APA (American Psychological Association) style is most commonly used to cite sources within the social sciences. This resource, revised according to the 6th edition, second printing of the APA manual, offers examples for the general format of APA research papers, in-text citations, endnotes/footnotes, and the reference page. For more information, please consult the Publication Manual of the American Psychological Association, (6th ed., 2nd printing).

Contributors:Joshua M. Paiz, Elizabeth Angeli, Jodi Wagner, Elena Lawrick, Kristen Moore, Michael Anderson, Lars Soderlund, Allen Brizee, Russell Keck
Last Edited: 2013-11-23 08:32:11

Reference citations in text are covered on pages 169-179 of the Publication Manual. What follows are some general guidelines for referring to the works of others in your essay.

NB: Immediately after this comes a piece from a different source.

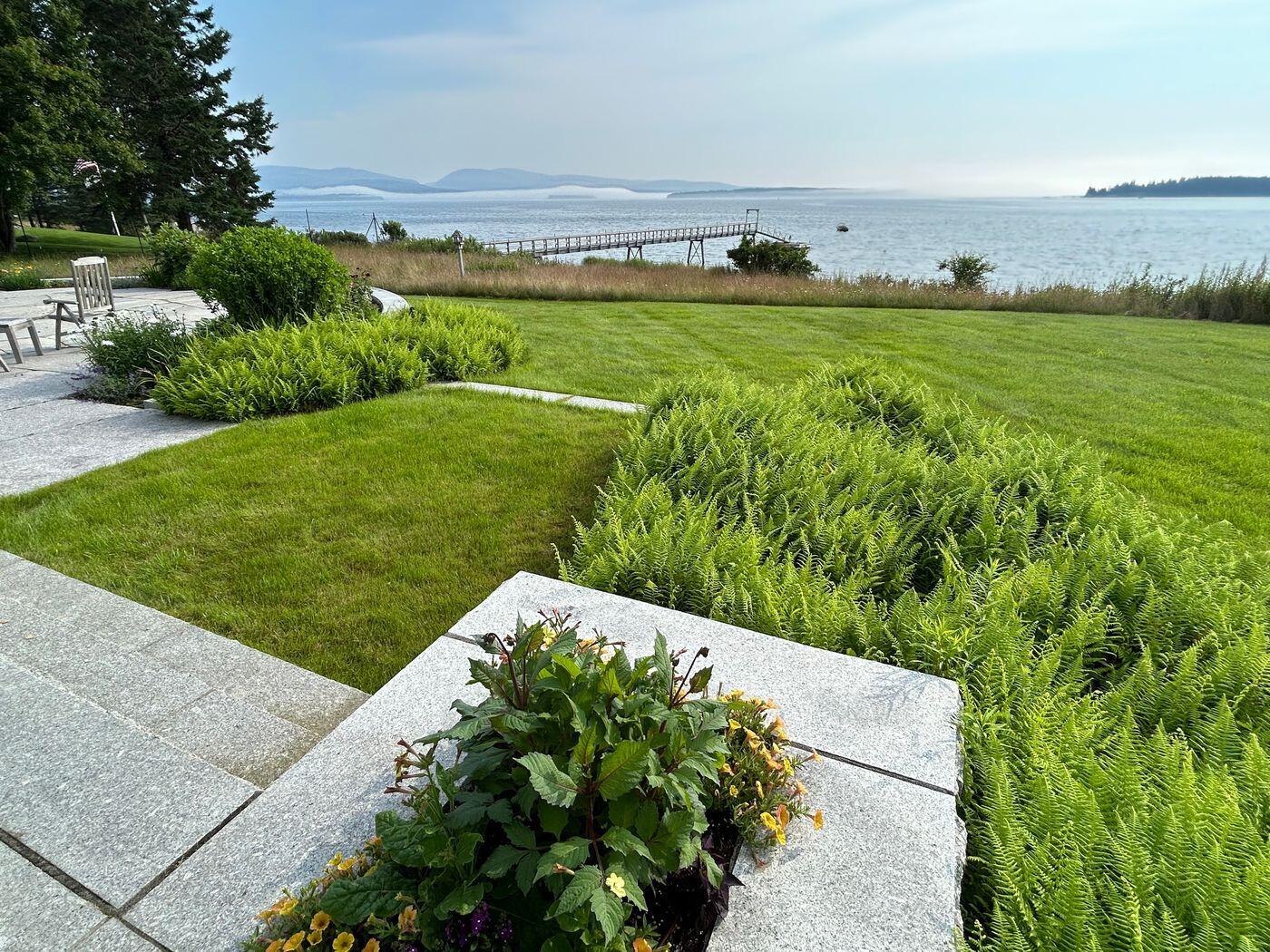 425 A Seawall Road Southwest Harbor, ME 04679 - Photo 6 of 75 W7-ME2313-Windward 6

Note: APA style requires authors to use the past tense or present perfect tense when using signal phrases to describe earlier research, for example, Jones (1998) found or Jones (1998) has found...

APA citation basics

When using APA format, follow the author-date method of in-text citation. This means that the author's last name and the year of publication for the source should appear in the text, for example, (Jones, 1998), and a complete reference should appear in the reference list at the end of the paper.

If you are referring to an idea from another work but NOT directly quoting the material, or making reference to an entire book, article or other work, you only have to make reference to the author and year of publication and not the page number in your in-text reference. All sources that are cited in the text must appear in the reference list at the end of the paper.

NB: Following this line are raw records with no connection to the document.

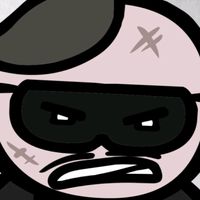 original sound - 🍎🐛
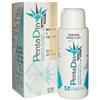 PENTADIN PLUS BIODETERG 200ML - - 902897014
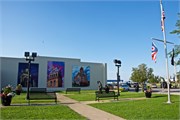 20-PortClintonOH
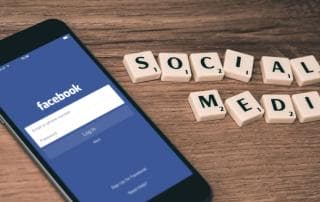Laut EuGH-Urteil sind Facebook Fanpage-Betreiber mitverantwortlich für Datenschutz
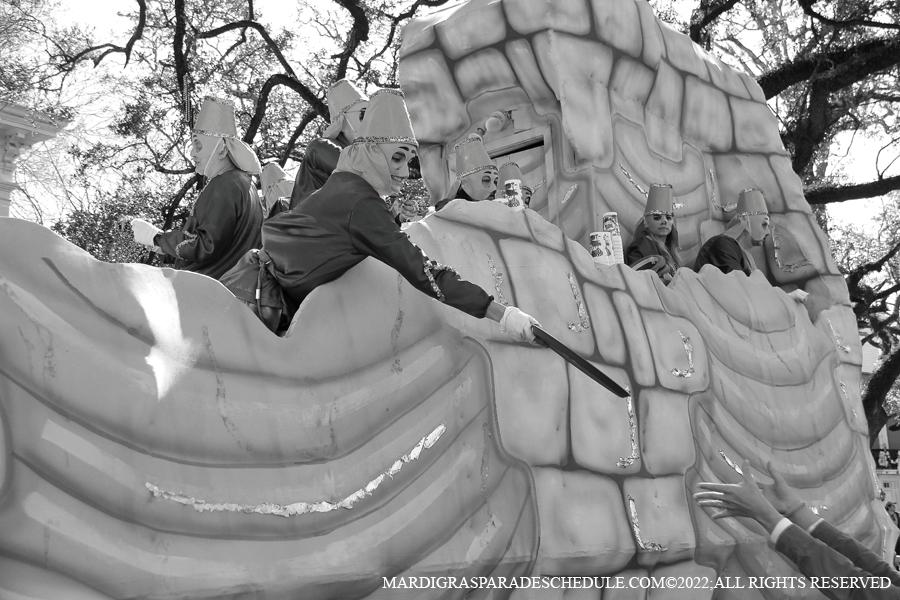 Krewe-of-Pontchartrain00059-2022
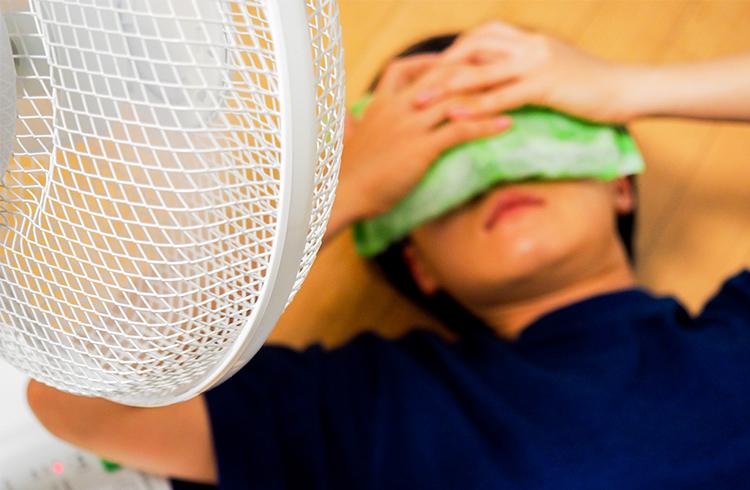 【セルフチェック】パチスロ 天井 と は対策ができているか、セルフチェックで確認してパチスロ 天井 と はを予防しましょう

In-text citation capitalization, quotes, and italics/underlining

Short quotations

If you are directly quoting from a work, you will need to include the author, year of publication, and the page number for the reference (preceded by "p."). Introduce the quotation with a signal phrase that includes the author's last name followed by the date of publication in parentheses.

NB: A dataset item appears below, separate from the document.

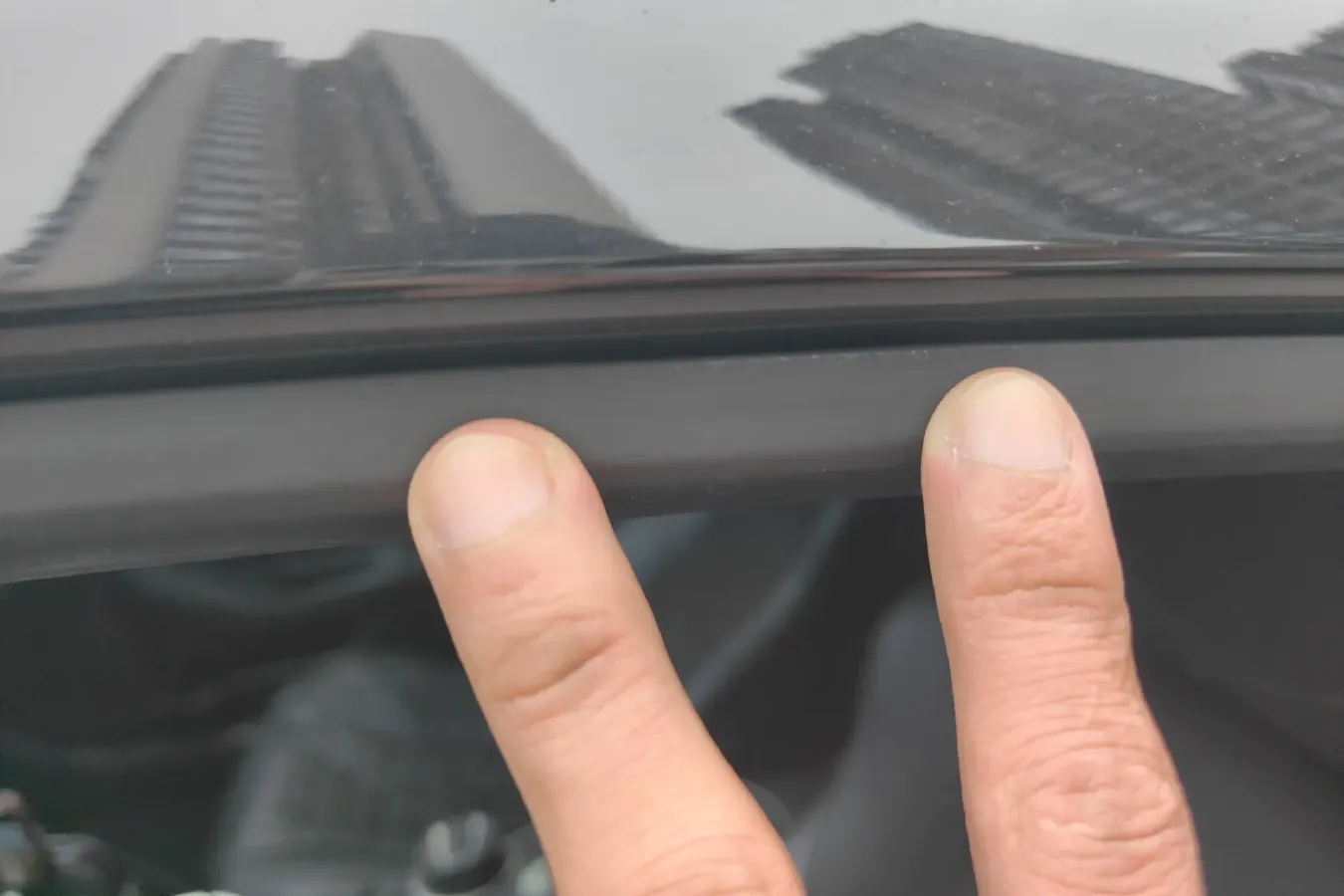 2013 Nissan 370Z 3.7L 328HP V6 7AT,autocango,china used car exporter,china ev exporter,chinese used car exporter,chinese used ev exporter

According to Jones (1998), "Students often had difficulty using APA style, especially when it was their first time" (p. 199).

Jones (1998) found "students often had difficulty using APA style" (p. 199); what implications does this have for teachers?

If the author is not named in a signal phrase, place the author's last name, the year of publication, and the page number in parentheses after the quotation.

She stated, "Students often had difficulty using APA style" (Jones, 1998, p. 199), but she did not offer an explanation as to why.

Long quotations

Place direct quotations that are 40 words, or longer, in a free-standing block of typewritten lines, and omit quotation marks. Start the quotation on a new line, indented 1/2 inch from the left margin, i.e., in the same place you would begin a new paragraph. Type the entire quotation on the new margin, and indent the first line of any subsequent paragraph within the quotation 1/2 inch from the new margin. Maintain double-spacing throughout. The parenthetical citation should come after the closing punctuation mark.

Jones's (1998) study found the following:
Students often had difficulty using APA style,
especially when it was their first time citing sources.
This difficulty could be attributed to the fact that many
students failed to  purchase a style manual or to ask
their teacher for help. (p. 199)

Summary or paraphrase

If you are paraphrasing an idea from another work, you only have to make reference to the author and year of publication in your in-text reference, but APA guidelines encourage you to also provide the page number (although it is not required.)

According to Jones (1998), APA style is a difficult citation format for first-time learners.
APA style is a difficult citation format for first-time learners (Jones, 1998, p. 199).